Items from a dataset
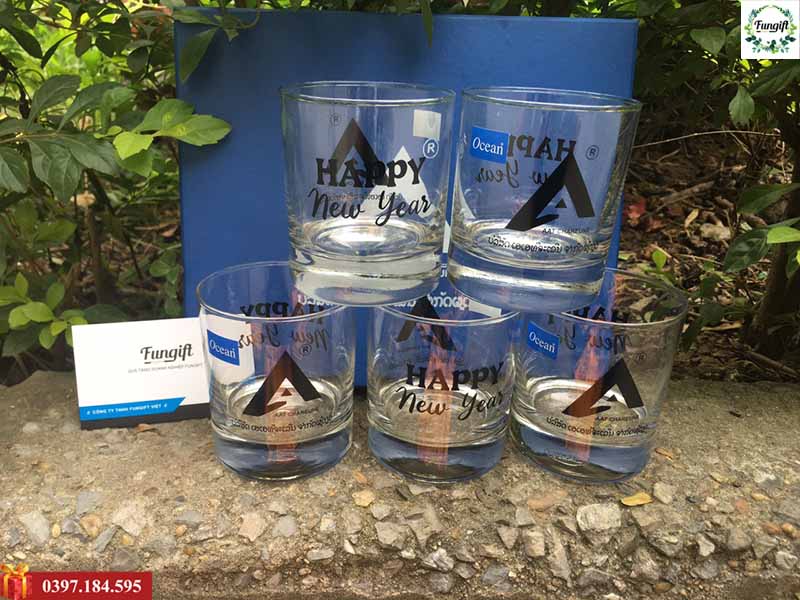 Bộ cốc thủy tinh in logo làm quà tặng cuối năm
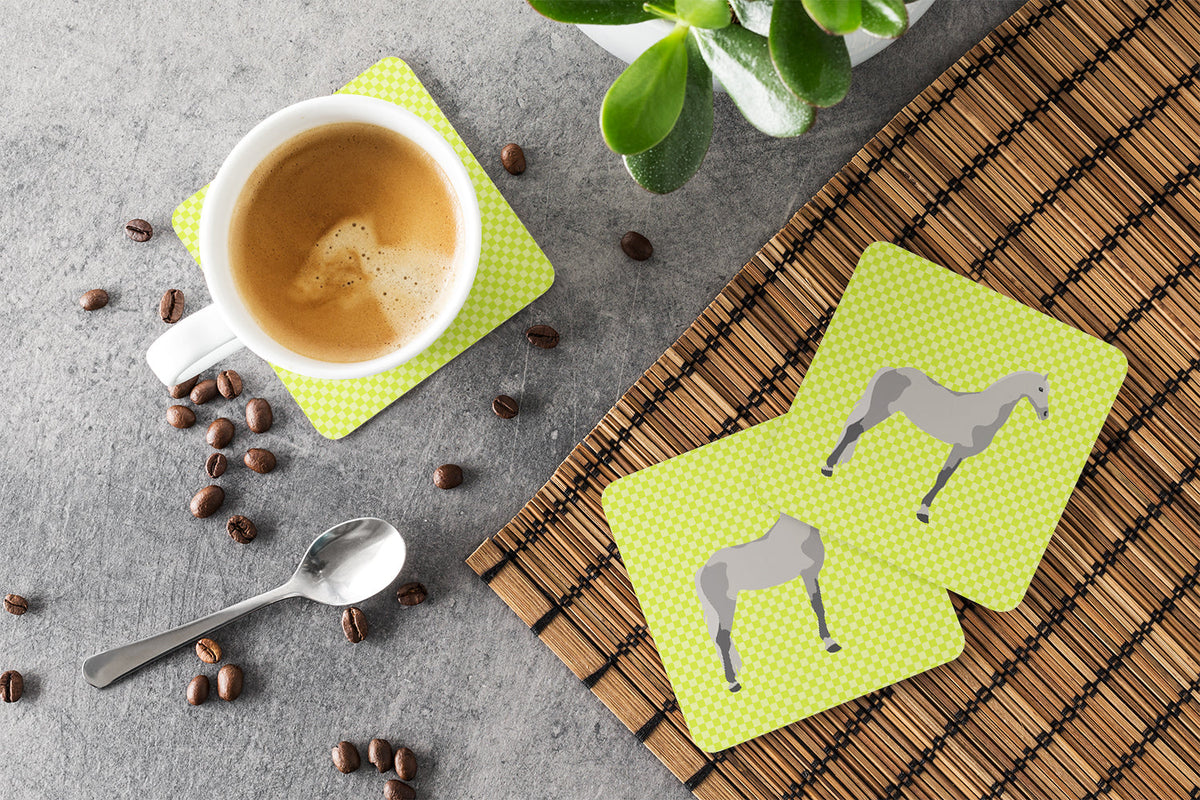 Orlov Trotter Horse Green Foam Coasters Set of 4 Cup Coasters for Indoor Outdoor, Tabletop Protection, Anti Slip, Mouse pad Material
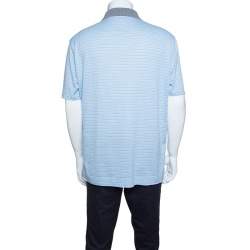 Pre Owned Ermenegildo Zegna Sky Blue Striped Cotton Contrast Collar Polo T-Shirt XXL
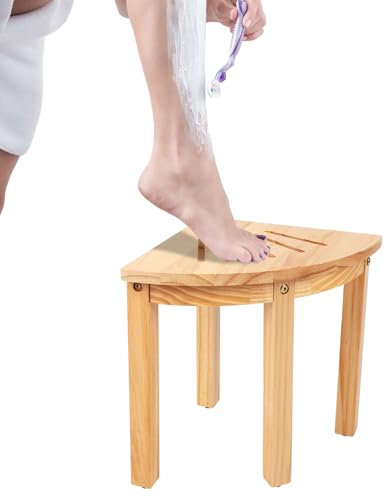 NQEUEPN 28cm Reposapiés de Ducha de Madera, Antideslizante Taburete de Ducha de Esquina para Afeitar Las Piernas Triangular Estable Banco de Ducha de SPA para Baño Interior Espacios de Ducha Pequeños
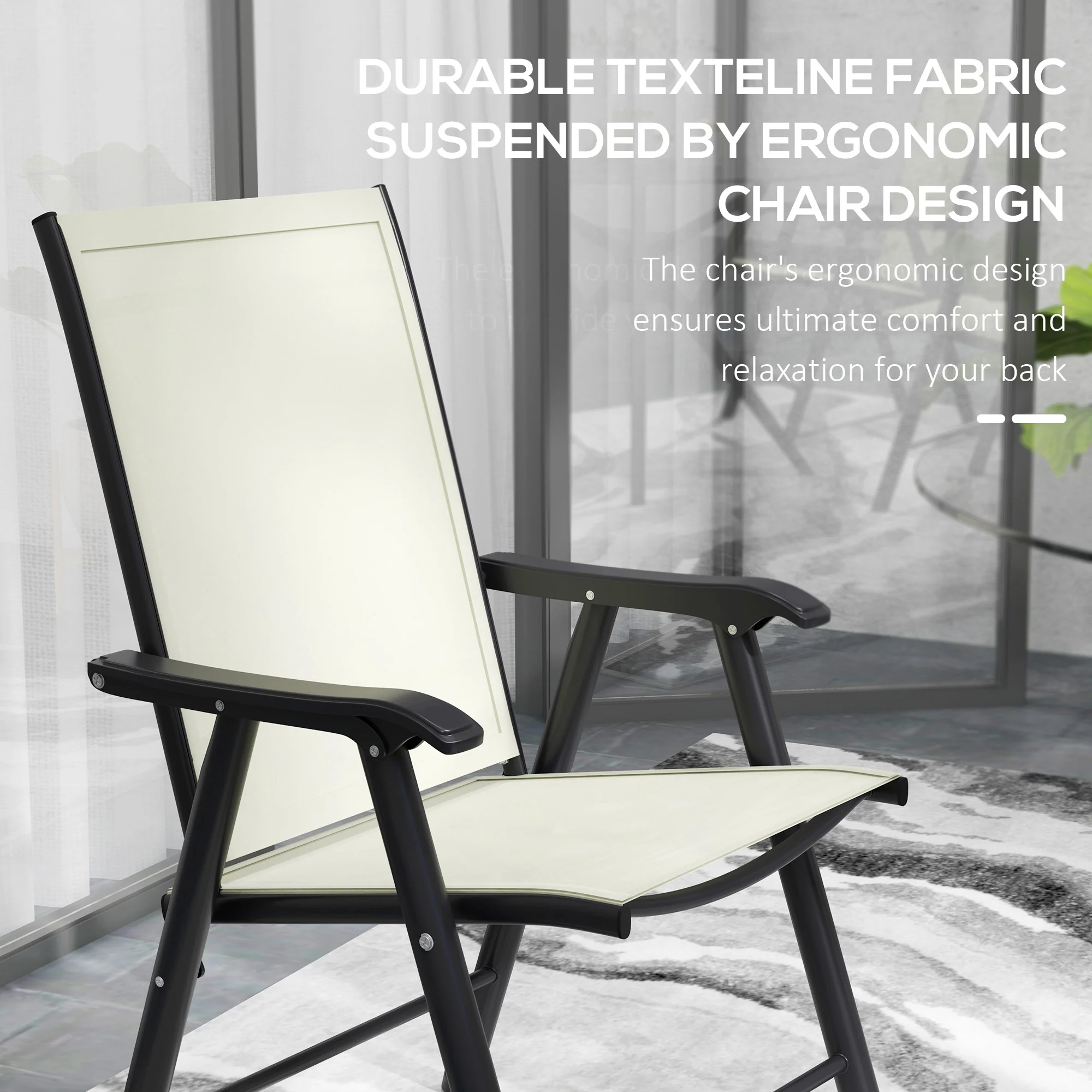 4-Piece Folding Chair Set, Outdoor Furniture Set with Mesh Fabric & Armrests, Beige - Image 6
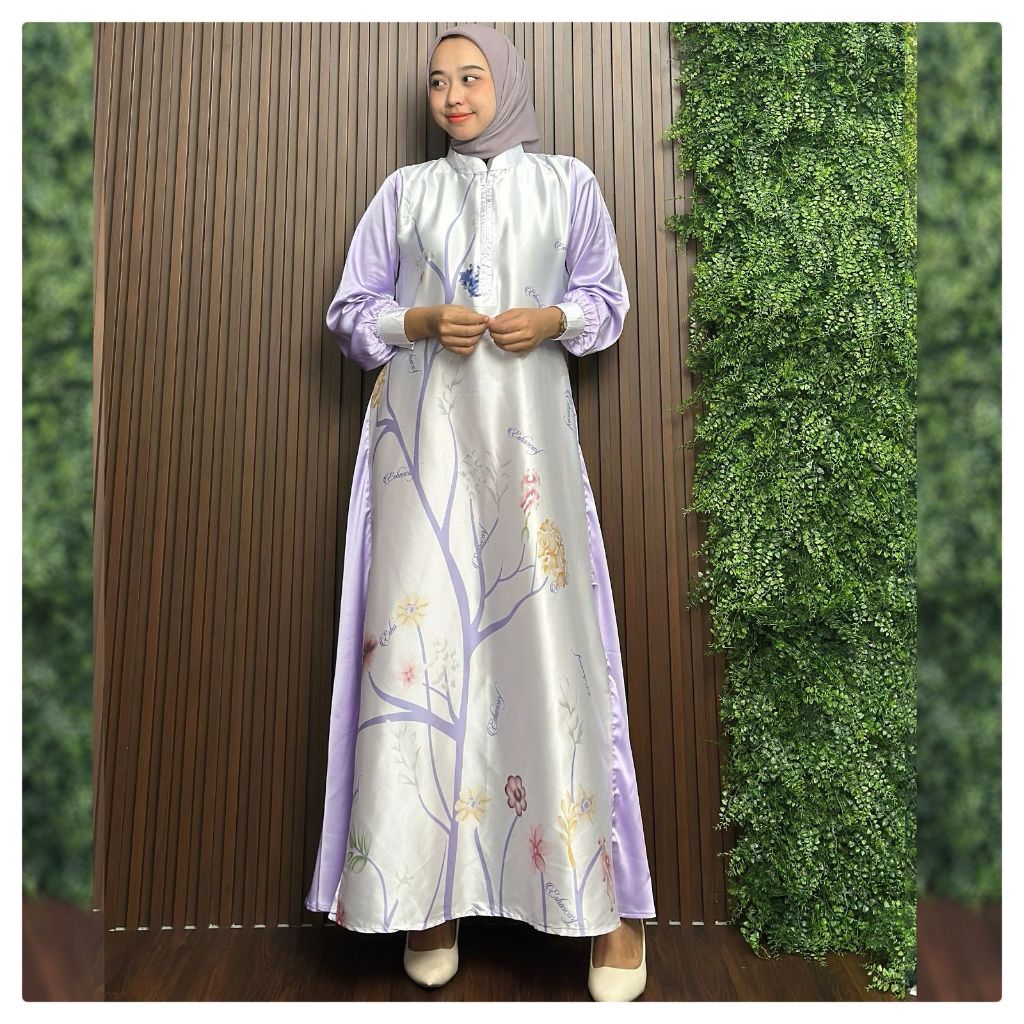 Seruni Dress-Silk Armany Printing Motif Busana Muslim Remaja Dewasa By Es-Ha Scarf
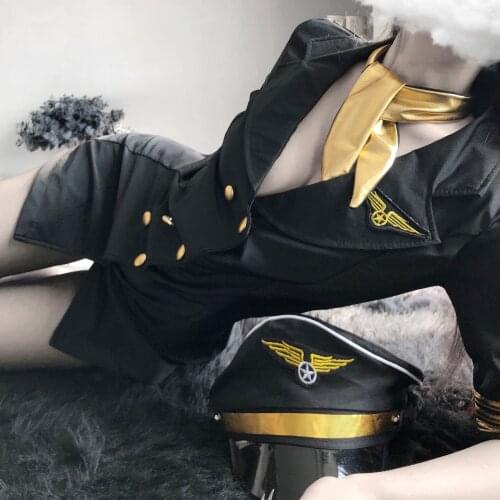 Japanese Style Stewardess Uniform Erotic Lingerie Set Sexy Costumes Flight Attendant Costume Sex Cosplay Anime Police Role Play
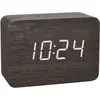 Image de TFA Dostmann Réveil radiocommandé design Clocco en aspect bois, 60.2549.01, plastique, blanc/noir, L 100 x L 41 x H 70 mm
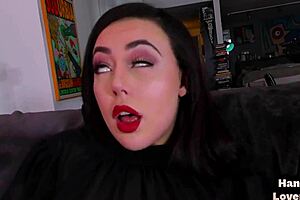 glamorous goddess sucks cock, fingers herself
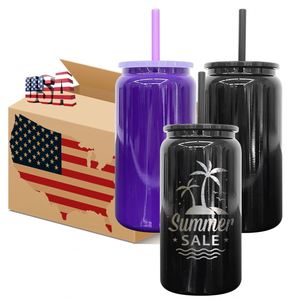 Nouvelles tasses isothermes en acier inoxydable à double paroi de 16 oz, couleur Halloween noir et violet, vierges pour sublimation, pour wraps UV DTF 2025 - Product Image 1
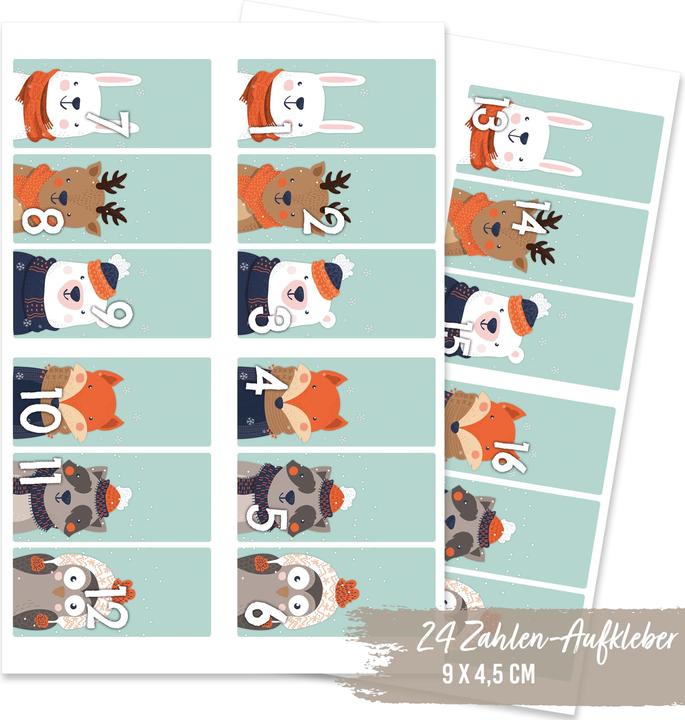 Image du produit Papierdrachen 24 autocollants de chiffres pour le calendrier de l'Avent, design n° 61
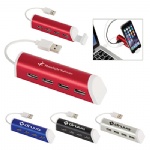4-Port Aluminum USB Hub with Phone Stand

◆ **Action item**
Could you write out exactly the lines running from the one with "Image de TFA" through the last line of the data above, both ends kept, and omit any picture?

◆ **Task response**
 Image de TFA Dostmann Réveil radiocommandé design Clocco en aspect bois, 60.2549.01, plastique, blanc/noir, L 100 x L 41 x H 70 mm
 glamorous goddess sucks cock, fingers herself
 Nouvelles tasses isothermes en acier inoxydable à double paroi de 16 oz, couleur Halloween noir et violet, vierges pour sublimation, pour wraps UV DTF 2025 - Product Image 1
 Image du produit Papierdrachen 24 autocollants de chiffres pour le calendrier de l'Avent, design n° 61
4-Port Aluminum USB Hub with Phone Stand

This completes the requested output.